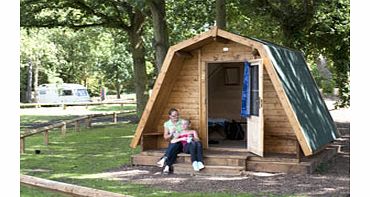 One Night Glamping Break at Lee Valley Campsite,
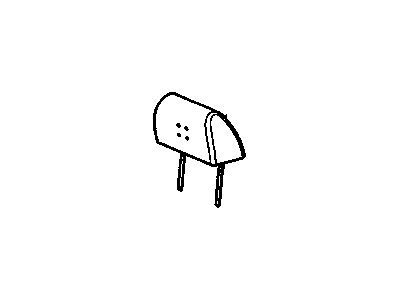 GMC 15909157 RESTRAINT,DRIVER SEAT HEAD(INCLUDES 2)(EBONY)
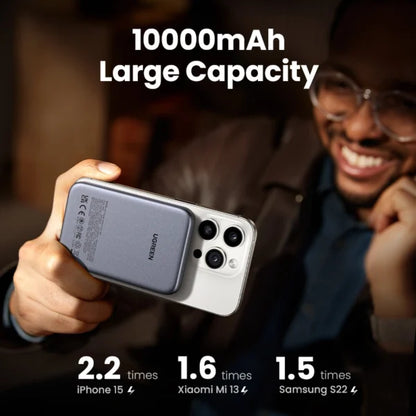 UGREEN 10000mAh 20W Qi2 Magnetic Wireless Power Bank – PB763 - 55135B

Instructions for the task: Retype the data above exactly. Leave the pictures out.

Solution for this exercise:
 One Night Glamping Break at Lee Valley Campsite,
 GMC 15909157 RESTRAINT,DRIVER SEAT HEAD(INCLUDES 2)(EBONY)
 UGREEN 10000mAh 20W Qi2 Magnetic Wireless Power Bank – PB763 - 55135B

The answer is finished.